Your goal » I'd ask you to write out the lines below exactly, with no images.

Material to process »
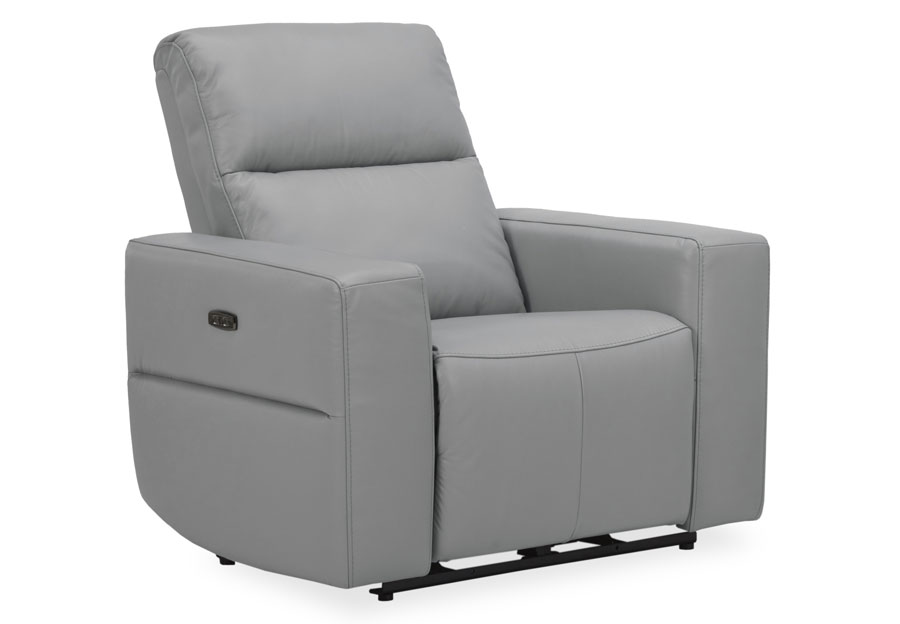 Kuka Relax Ave Light Grey Leather Match Dual Power Recliner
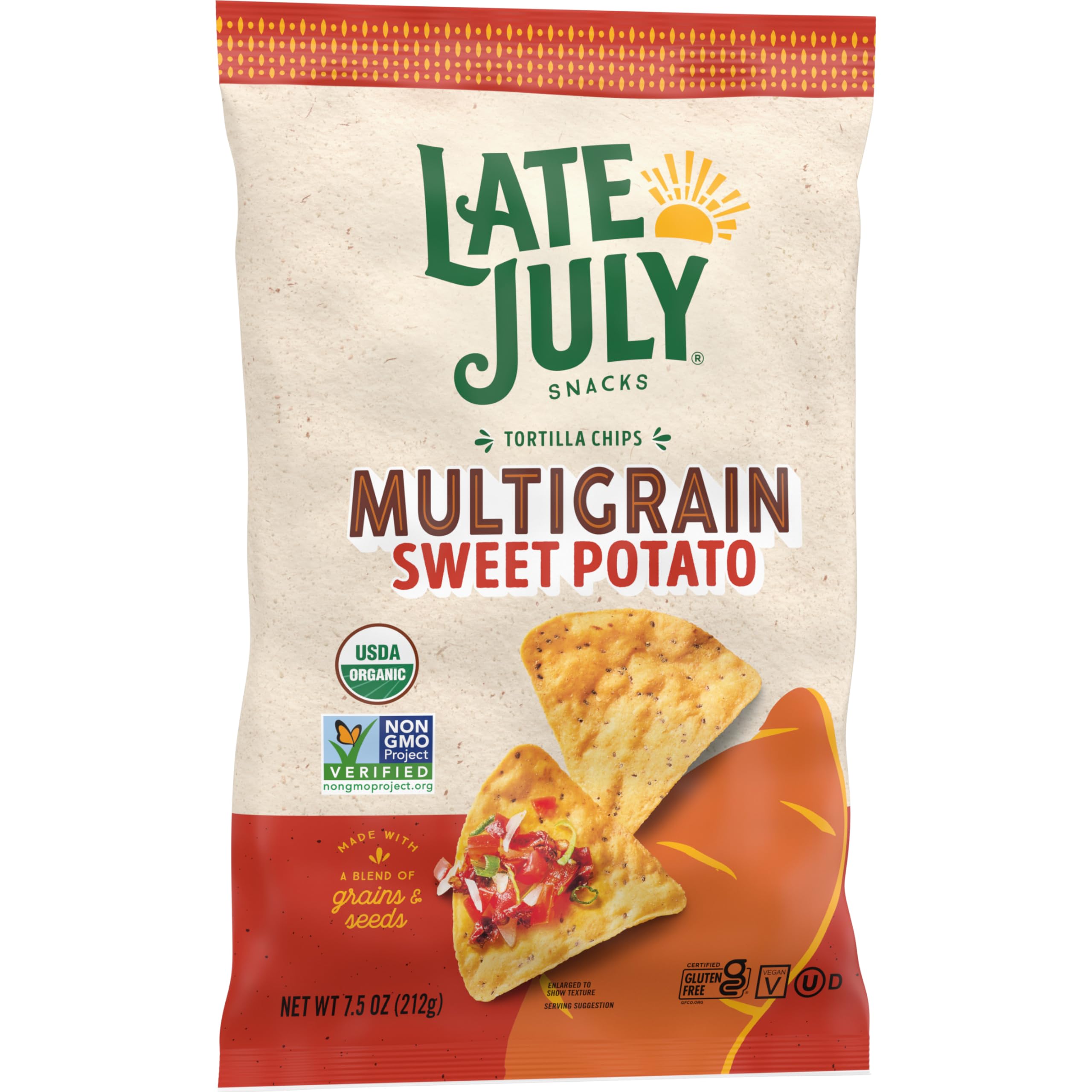 Organic Multigrain Sweet Potato Tortilla Chips by Late July Snacks - Gluten-Free, Non-GMO, 7.5 Oz Bag - Perfect for Healthy Snacking, Parties & Dips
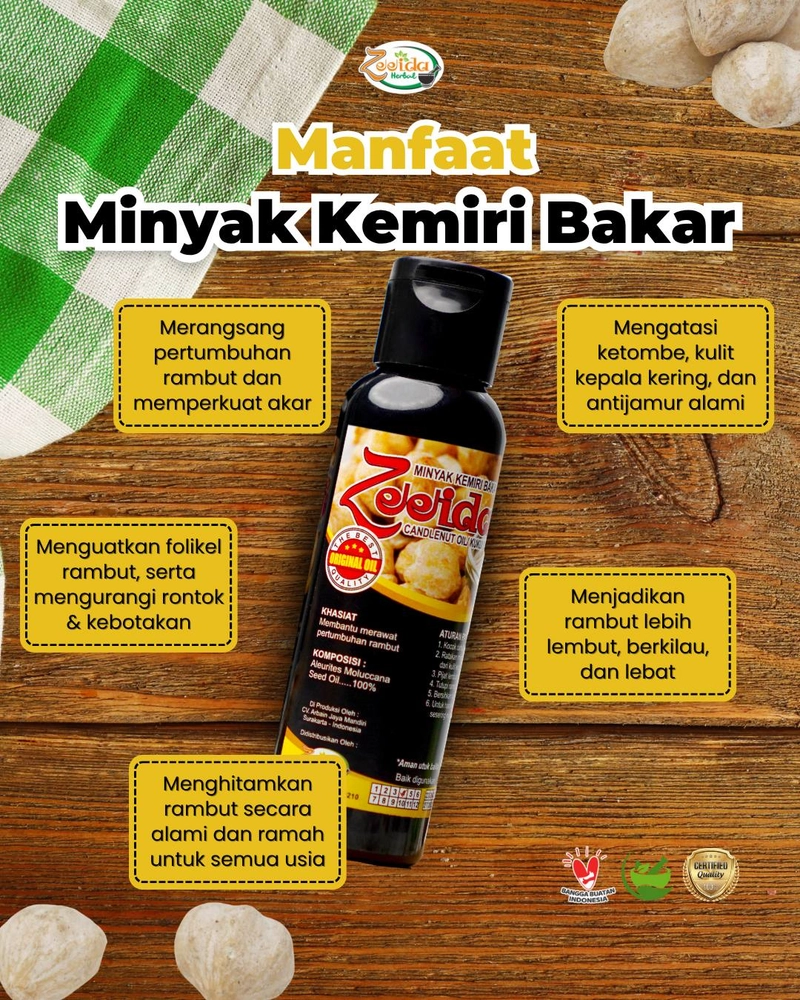 Product image Zeeida Herbal - Minyak Kemiri Bakar Murni Asli Penumbuh Rambut Melebatkan Alis Penghitam Rambut Minyak Minyak Kemiri Bakar
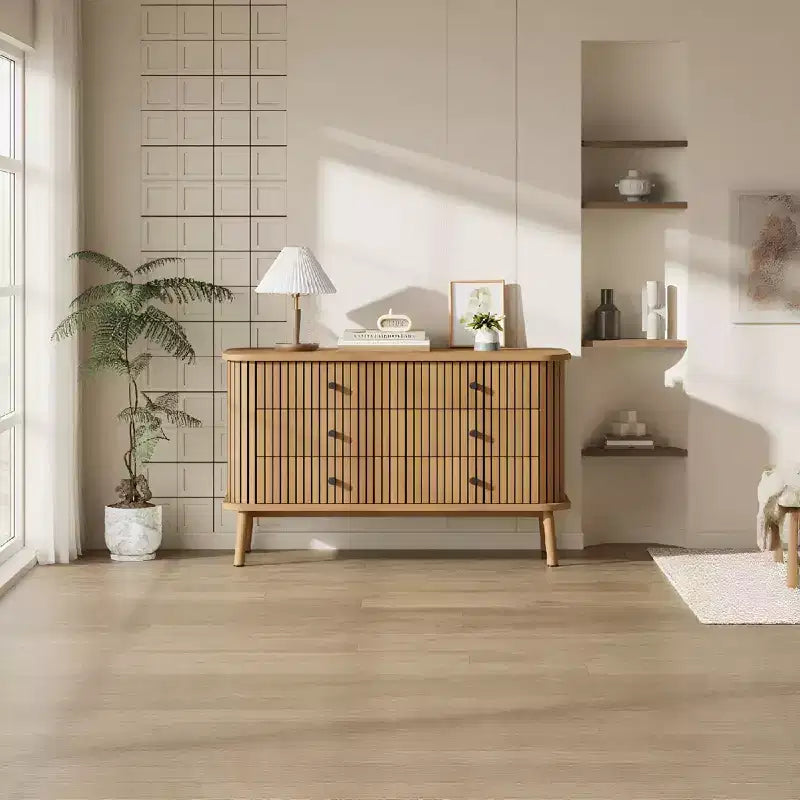 Commode Garvee 47 à 6 tiroirs, commode compacte en bois avec pieds en métal, organisateur de rangement style ferme pour chambre à coucher, chambre d'enfant ou appartement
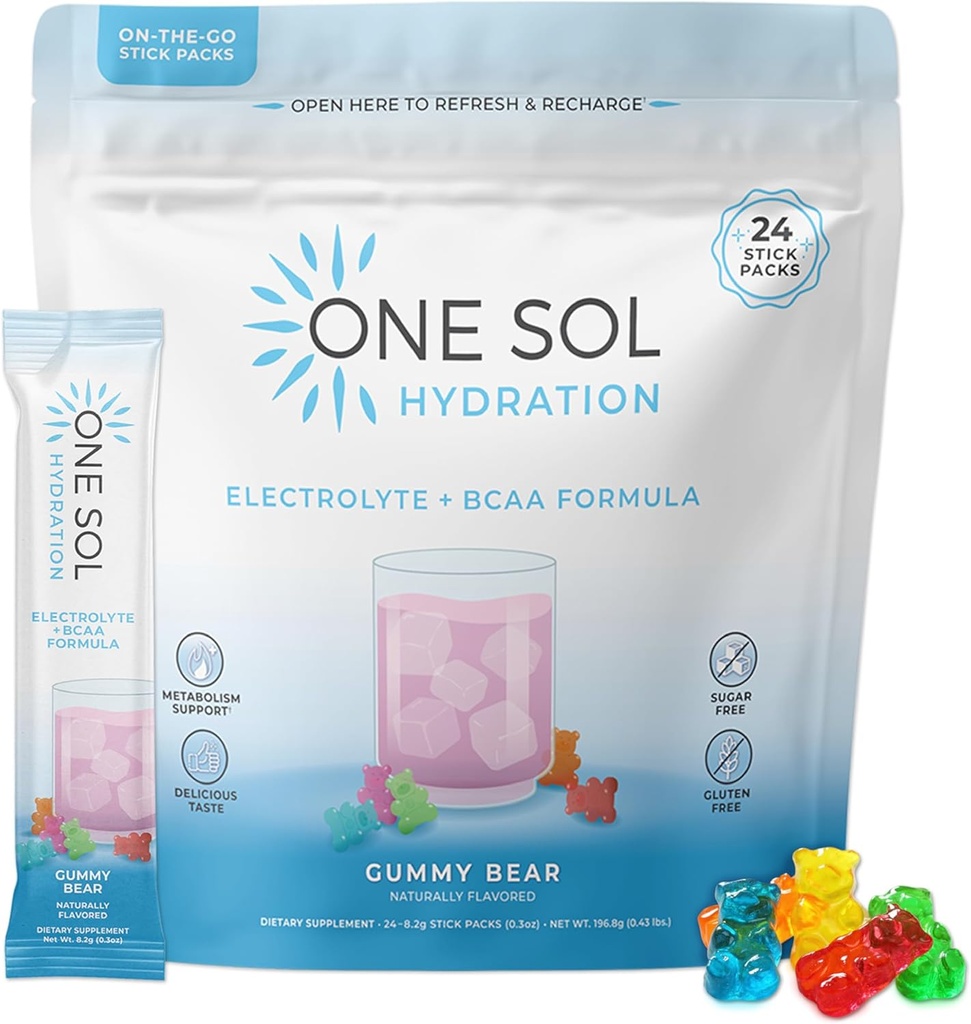 Ein Sol BCAA & Elektrolyt-Pulver für Hydration & Energie, All-Natur-Formel, 100% Vegan, Non-GMO, Gluten Free & Soy-Free, fördert Muskelwachstum & Erholung, Gummy Bear Flavor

Solution for this exercise »
 Kuka Relax Ave Light Grey Leather Match Dual Power Recliner
 Organic Multigrain Sweet Potato Tortilla Chips by Late July Snacks - Gluten-Free, Non-GMO, 7.5 Oz Bag - Perfect for Healthy Snacking, Parties & Dips
 Product image Zeeida Herbal - Minyak Kemiri Bakar Murni Asli Penumbuh Rambut Melebatkan Alis Penghitam Rambut Minyak Minyak Kemiri Bakar
 Commode Garvee 47 à 6 tiroirs, commode compacte en bois avec pieds en métal, organisateur de rangement style ferme pour chambre à coucher, chambre d'enfant ou appartement
 Ein Sol BCAA & Elektrolyt-Pulver für Hydration & Energie, All-Natur-Formel, 100% Vegan, Non-GMO, Gluten Free & Soy-Free, fördert Muskelwachstum & Erholung, Gummy Bear Flavor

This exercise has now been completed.